▸ **Work task**
When you reach the line with "Map of Turkmenistan" in the listing below, write out that line and every one after it exactly, and skip the pictures.

[Opening Dataset excerpt section]

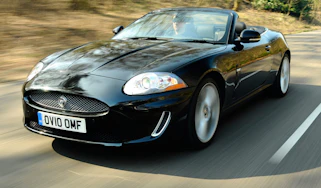 Jaguar XK Convertible front tracking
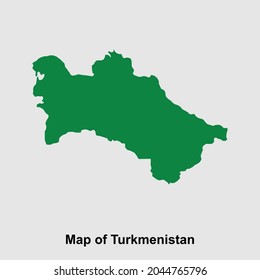 Map of Turkmenistan isolated vector illustration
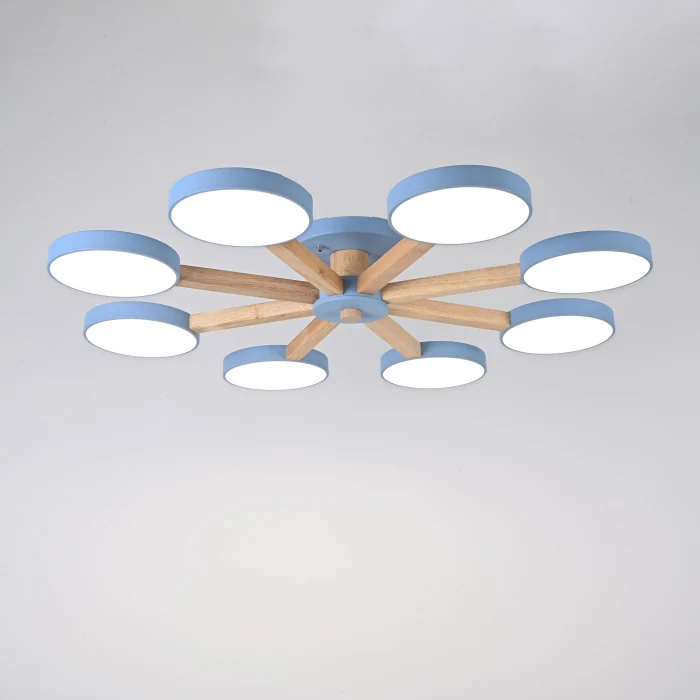 Потолочная люстра TURNA 8 Blue ImperiumLoft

[Closing Dataset excerpt section]

▸ **Response to this task**
 Map of Turkmenistan isolated vector illustration
 Потолочная люстра TURNA 8 Blue ImperiumLoft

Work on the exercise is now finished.